=== Begin Enclosure ===
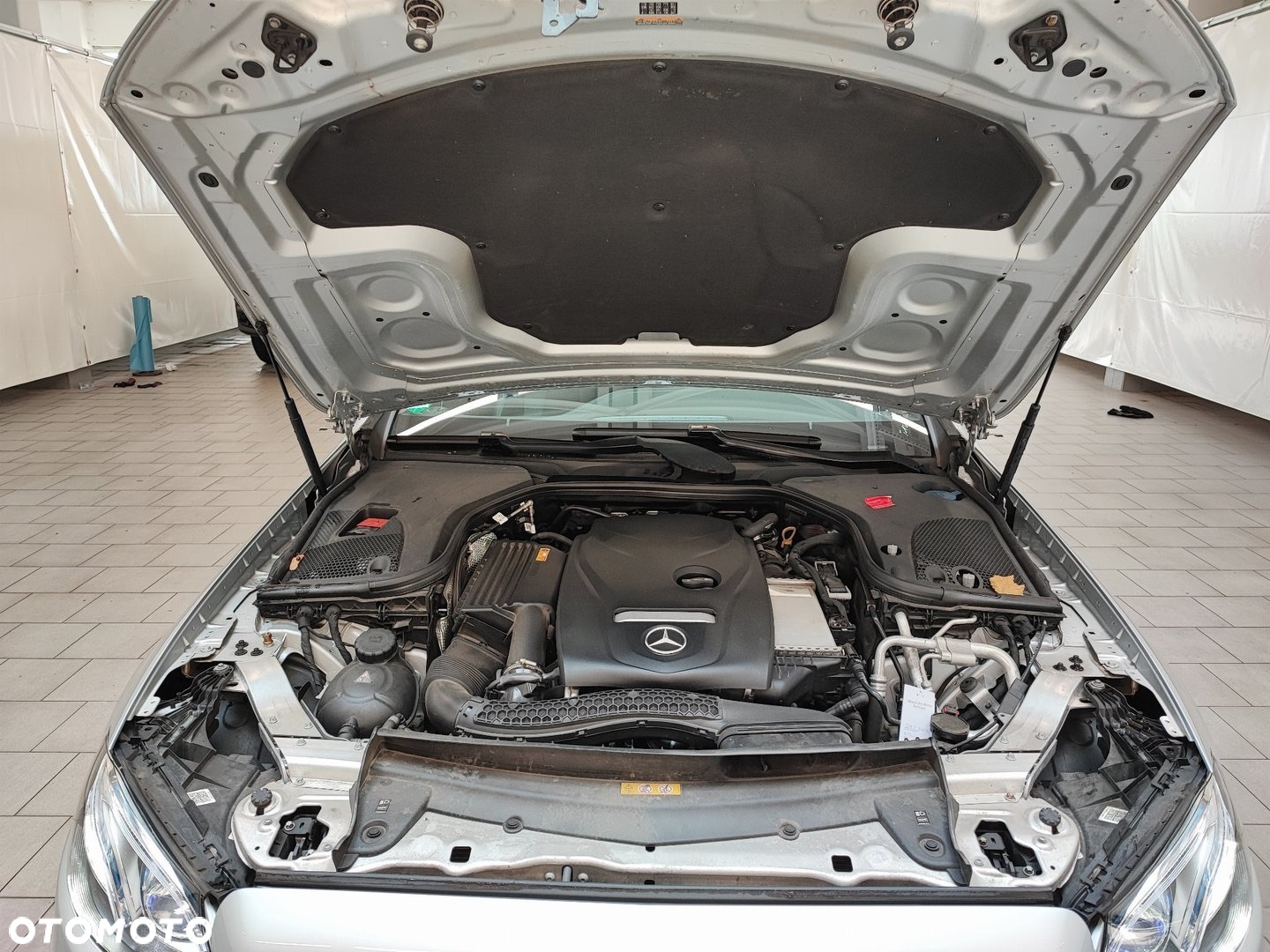 Mercedes-Benz Klasa E 200 4Matic Coupe 9G-TRONIC AMG Line - 16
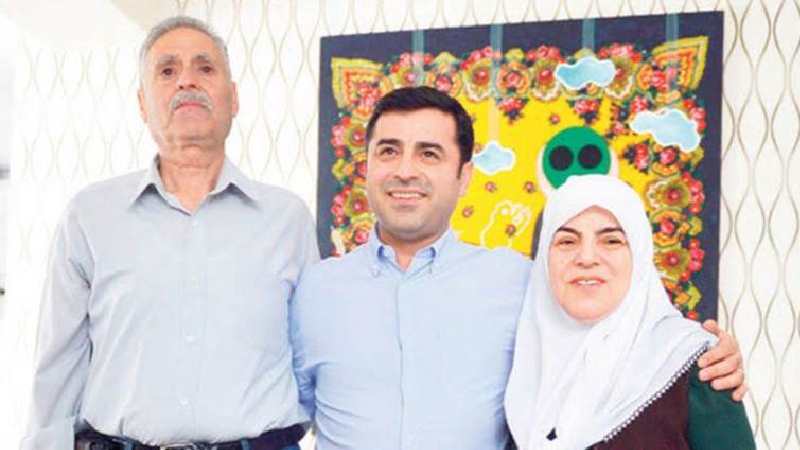 Siyasilerden hayatını kaybeden Selahattin Demirtaş ıın babası Tahir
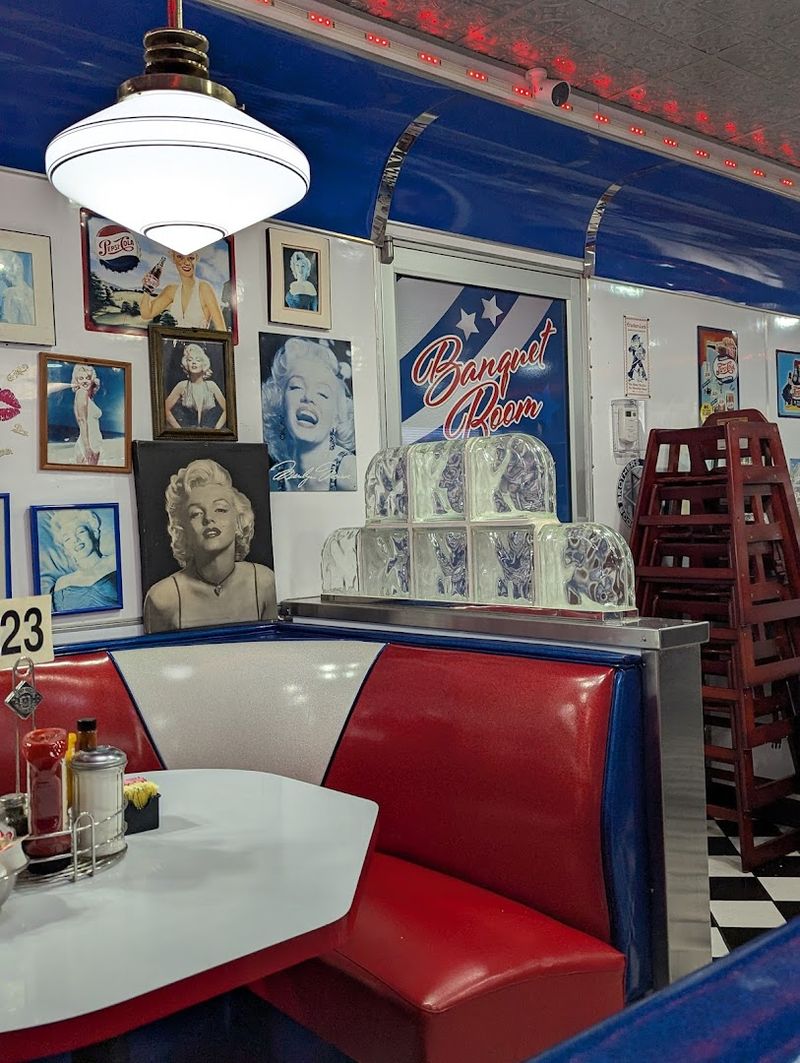 A Retro Diner Atmosphere You Can't Fake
=== End Enclosure ===
- Work to be completed
Could you return exactly the lines starting with the one that contains "Siyasilerden hayatını kaybeden" and ending with the last line of the data above? Leave the pictures out.

- Response for this exercise
 Siyasilerden hayatını kaybeden Selahattin Demirtaş ıın babası Tahir
 A Retro Diner Atmosphere You Can't Fake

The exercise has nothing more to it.